Angus Vinden is another trailblazing young winemaker who's a bit of a nonconformist. He took over the family business about six years ago and branched out from the classic Vinden Estate brand with a novel new label called Headcase that offers some intriguing (you could say oddball) wines. The family vineyard is the only one in the region that grows Alicante Bouschet, a red-fleshed grape from France, which under the Estate brand has been used to make a sparkling wine, but Angus has fashioned a new spinoff called The Vinden Headcase Charmless Man. It's a medium-bodied blend of Alicante Bouschet, Tempranillo and Shiraz that's silky smooth and there's also a terrific Headcase Tempranillo but, alas, it's sold out and the new vintage isn't available until September.

​Saddler's Creek Wines

This boutique brand also has a talented young winemaker holding the reins.
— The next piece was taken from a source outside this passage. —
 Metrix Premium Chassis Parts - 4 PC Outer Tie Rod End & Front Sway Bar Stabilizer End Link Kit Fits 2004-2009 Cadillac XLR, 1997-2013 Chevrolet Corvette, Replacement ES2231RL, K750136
Hunter born and bred Brett Woodward joined this family-owned brand in 2011 and was promoted to head winemaker in 2013, masterminding some beautifully structured wines that are a pleasure to consume. The Saddler's range offers drink now wines that are full of flavour – and the cracking Estate Blend is a great example. It's a delicious mix of Hunter Valley Shiraz, Cabernet and Merlot that's just what the doctored ordered when it's cold and wet outdoors.

So that's what I'm going to be sampling this month, but I always wonder what winemakers are drinking, don't you? So I asked a couple to reveal their favourite Hunter dry reds.
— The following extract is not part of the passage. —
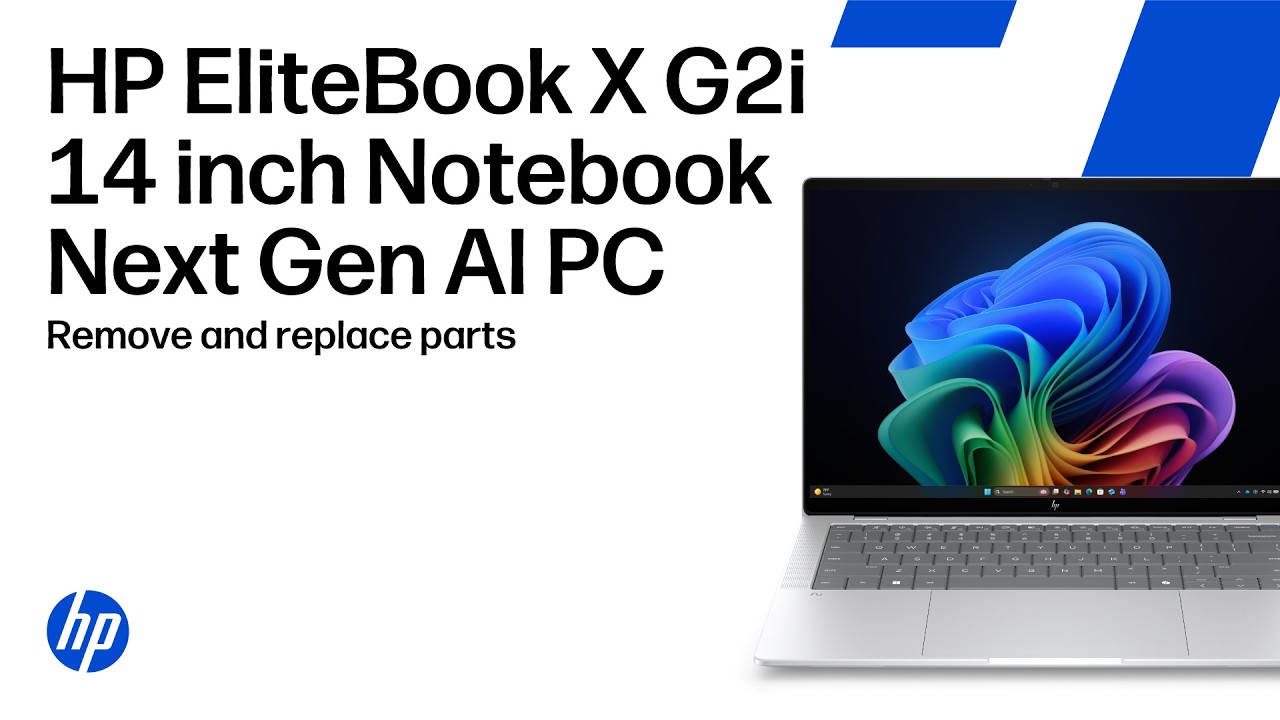 Remove and replace parts | HP EliteBook X G2i 14 inch Notebook Next Gen AI PC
"Hunter dry reds are perfect drinking at any time of year, but I particularly love them in the cooler months – it's a great time to slow down and savour them with a delicious meal somewhere cosy and warm."

Her five faves are:

Silkman Shiraz Pinot – the splash of Pinot in this Hunter Shiraz gives this blend a lovely aroma and silky texture… and it's oh so easy to drink!

De Iuliis LDR Shiraz Touriga – the ultimate Friday night footy wine to pair with a homemade beef and red wine pie.

Briar Ridge Dairy Hill Shiraz – if you're invited to a Christmas in July party you need a celebratory wine – come on down Dairy Hill Shiraz.

Tyrrell's Wines Gamay – Gamay is a lighter style of red that's a great midweek wine to have with pizza.

Mount Pleasant Rosehill Shiraz – a prized old Pokolbin vineyard and a wine of great pedigree. What more do you want on a chilly winter's night?


"Beautiful and elegant flavours are the essence of any dry red from the Hunter," says Adrian. "As the pinnacle of true medium-bodied wines, dry reds expertly express the region and vintage through their savoury notes making them one of my all-time favourites to drink with or without food at any occasion."

His five faves are:

Thomas Wines Kiss Shiraz – impress your significant other on date night with this flagship Shiraz.

Brokenwood Wines Verona Shiraz – red wine and cheese is a match made in heaven and you'll be on cloud nine with this combo.

Tyrrell's Wines Vat 8 Shiraz Cabernet – if you're looking for a bigger style of dry red to pair with a hearty winter meal, like slow-cooked lamb shanks, try this this fruit-driven blend.

De Iuliis Wines LDR Shiraz Touriga – who doesn't love chocolate right? This is Adrian's numero uno to pair with chocolate desserts.

Mount Pleasant Old Paddock & Old Hill Shiraz Magnum – add a bit of wow factor to your next party with a super-size magnum of this opulent drop. Also makes a fab gift for your wine-loving friends.